In one sense, the claim of responsibility from the Pakistani Taliban for Monday’s attack on the police school, is something of a relief; it means, that as yet, Lashkar-e-Toiba, another group founded by Pakistan’s intelligence agencies, has not declared war on the Pakistani state itself.

The other sort of good news from the attack was that a complete bloodbath was avoided thanks to the relatively swift intervention of the Pakistani security forces, those who had been criticised, probably unfairly, after the first Lahore attack. “Only” 11 dead, when there were up to 800 police recruits in the attacked compound, can be seen as something of a success.

But there is much to fear from the continuing spiral into proactive insurgency in Pakistan.

The sharia “deal” in Swat was meant to bring a halt to some of the attacks: if anything, they have increased elsewhere, as could have been predicted.
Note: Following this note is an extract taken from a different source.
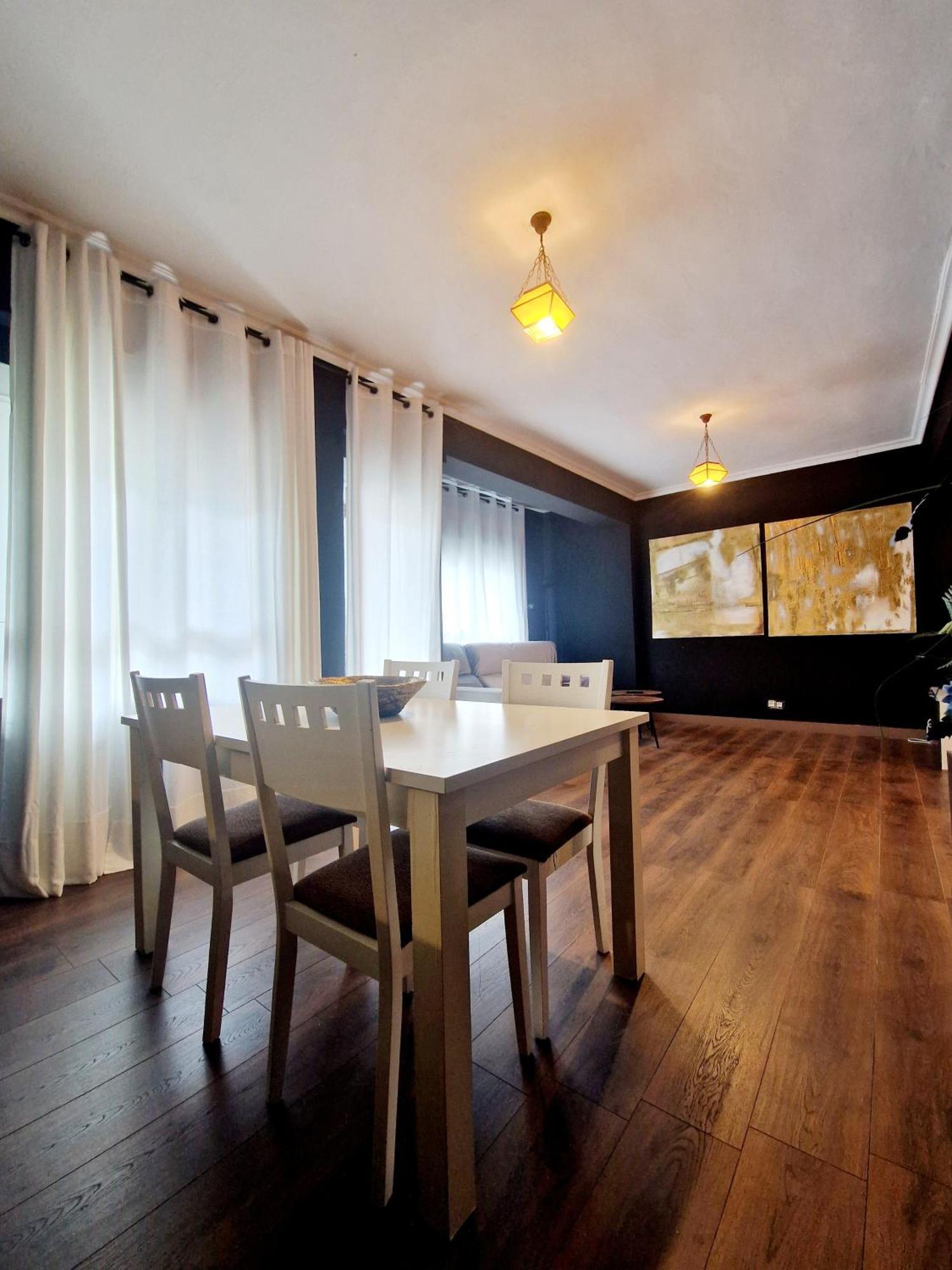 Moodlight Centrico Y Acogedor Perfecto Familias Y Grupos Apartament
The justification given by Mehsud for yesterday’s attack was the drone strikes which are also continuing in the semi-autonomous tribal areas along the Afghanistan border. While these attacks have been effective in taking out some al-Qaida and Taliban leaders, they are also the equivalent of using a sledgehammer to crack a nut, resulting in civilian casualties which only further enrage public opinion against the Americans, and in turn towards the Pakistani state which they see as colluding with the Hellfire missile assaults, however much they condemn the Americans in public.

The insurgency has become almost inseparable from the simultaneous jihad in Afghanistan against the foreign forces, as the merging of three separate organisations under the banner of the Council of United Mujahideen last month showed. The new grouping, which also pledged allegiance to Mullah Omar and Osama bin Laden, was meant to focus its attacks on the coalition in Afghanistan and turn away from targeting the Pakistani military and police, yet there is no sign of that happening yet. Indeed, if anything, the attacks in Pakistan itself seem to have stepped up further over the past few weeks.

All of this is a direct challenge to the “new” US strategy on both Afghanistan and Pakistan.

This is fundamentally based around denying terrorists the use of safe havens to attack foreign countries from. In some ways it amounts to a refutation of the previous administration’s strategy of tackling rogue states, where the attack on Afghanistan amounted to revenge with the war on Iraq, which had no connection to al-Qaida, the main event, but in other ways it is nothing more or less than simply a justification from Obama to continue the war, regardless of the consequences.

Problems
The strategy fundamentally ignores what the jihadi motivation is: they themselves are only too aware of their actual weak status, knowing full well that they cannot carry out spectaculars like 9/11 on anything like a regular basis.

What they can do however is draw in their enemies and then subject them to asymmetrical insurgency, knowing that unless their tactics become too brutal, as they did in Iraq, resulting in a backlash from those who had fought alongside them, that they have the potential to bog down the invaders or occupiers for years, if not decades, while increasingly gaining recruits to their cause as a result. Afghanistan has not really been free from war since before 1980, and some of those fighting have also been involved since then, showing no signs of getting tired of it.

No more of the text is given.